Feb 9, 2013

The nature of the beast - Non-fiction - all audiences

Okay, so I don't have enough time to get this in on Friday, but that's only a detail, isn't it?


This weeks non-fiction prompt was: Family Traits.

Welcome to my life!




The nature of the beast.


You don’t really pay any attention to it when you’re a kid.
It doesn’t matter.
Really not.
Everyone is different.
One kid is tall, another one short. One has dark hair, another is blond. One likes cats, the other loves dogs.
It’s normal we’re all different.
Or is it?
What if that first kid, isn’t the only one with those traits?
What if there are two?
Two of them tall with dark hair and they both like cats?
And the third?
Well, the third is short, blond and she loves dogs.
So?
It doesn’t matter.
Does it?

It never had.
Not until that day.
Not until the day this third kid found out where all those differences – she had never noticed – came from.
The day she had a good chat with her mom.
She was on vacation, home from her work abroad, and decided to spend the day helping mom at work.
A sunny day, warm and happy.
A good day for a heart-to-heart.

She had been away for work for a while now and had overcome certain things. Things she could finally talk about.
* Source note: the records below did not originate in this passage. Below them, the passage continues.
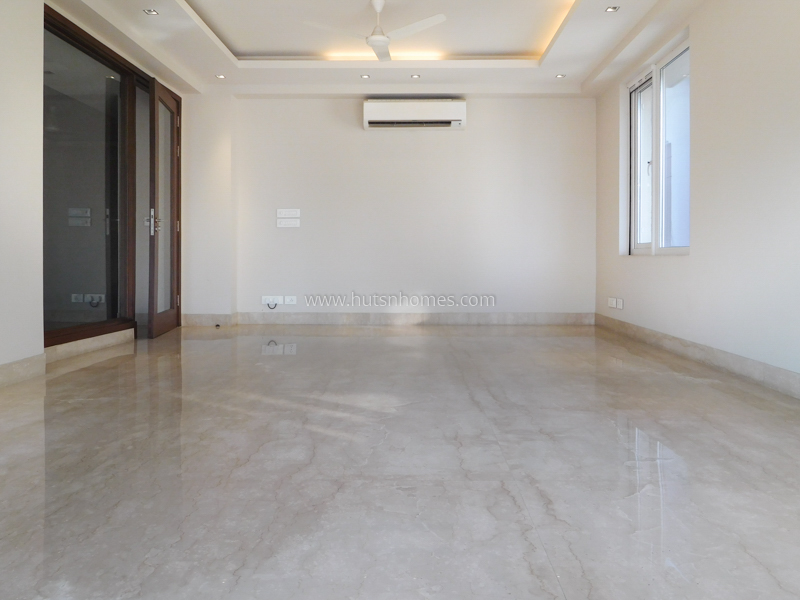 4 BHK Flat For Rent in Safdarjung Enclave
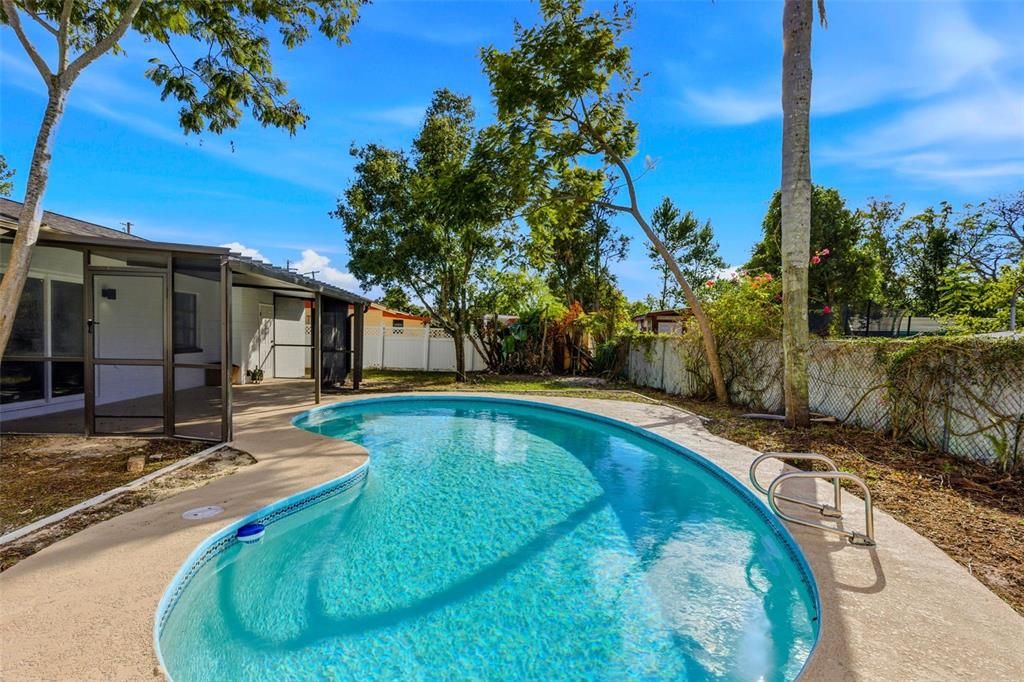 For Sale: $389,000 (3 beds, 2 baths, 1146 Square Feet)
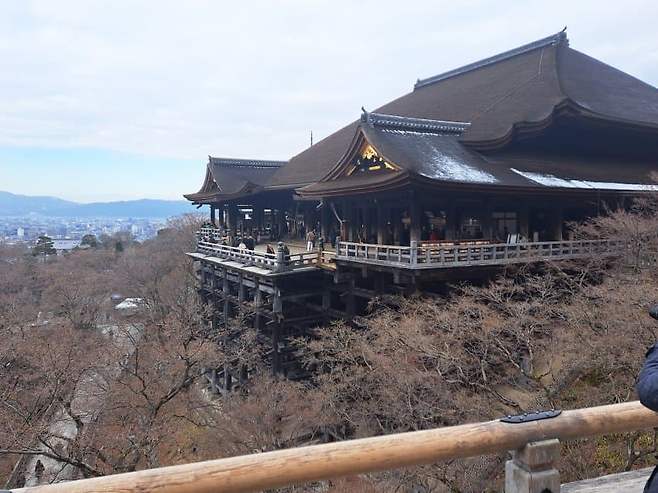 7fed8273b5806af351ef8fe540827573e11148f7fe01c0d572ab1e2e9fac2ee5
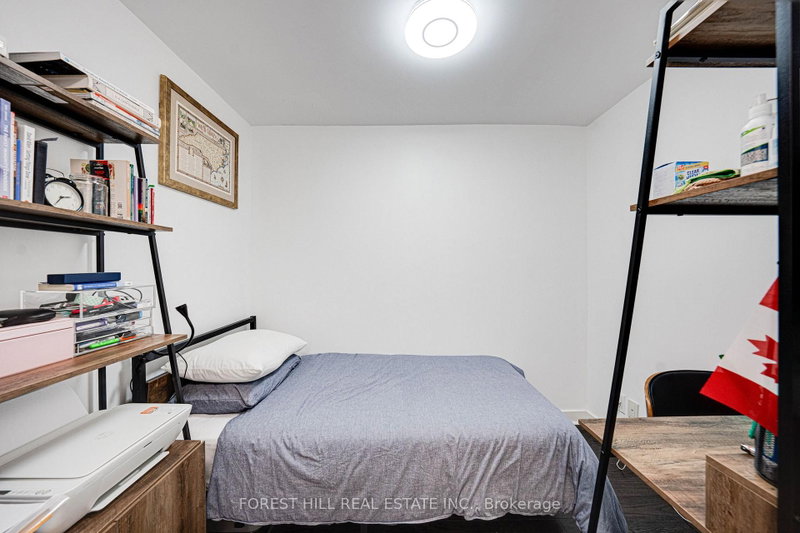 Room1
Freely and without raising her voice … too much.
She never would’ve expected to find her mom comfortable to talk about certain things as well.
Things that concerned her.
Things they had never talked about.
How come they hadn’t?
Was it because of him?
He’s not even concerned.
Was it because she was afraid of her reactions?
She shouldn’t have been.
Wasn’t it important enough to talk about before she moved out of the house?
How old does one have to be, before they can be told the truth?
Would it matter if they understood?
What is there to understand either way?

That’s the way it is, full stop.
There’s nothing you can do about it.

I like the truth.
Tell me the truth.
I can take it.
And I could’ve taken it a lot sooner!
So what if your husband was an ass who had a debt and asked you to find a solution for it?
So what if the guy your asshole of a husband had a debt with, accepted to find a solution for it?
Maybe I wasn’t the solution, I sure as hell am the result of it!
What shame is there in doing something for love?
There is no shame in doing something for love.
Or did you wait to make sure you knew I understood that, before telling me about it?
Is that why you waited so long?
If it is, you were wrong.
If it isn’t, you were still wrong.

It doesn’t matter.
You shouldn’t have hidden the truth.
Maybe I don’t have our family traits, I sure have yours.
And his.
A little bit of both.
I have your build, your sense of humor, your love for books.
I have his hair color, his love of dogs.

It doesn’t matter.

Does it?

Mom?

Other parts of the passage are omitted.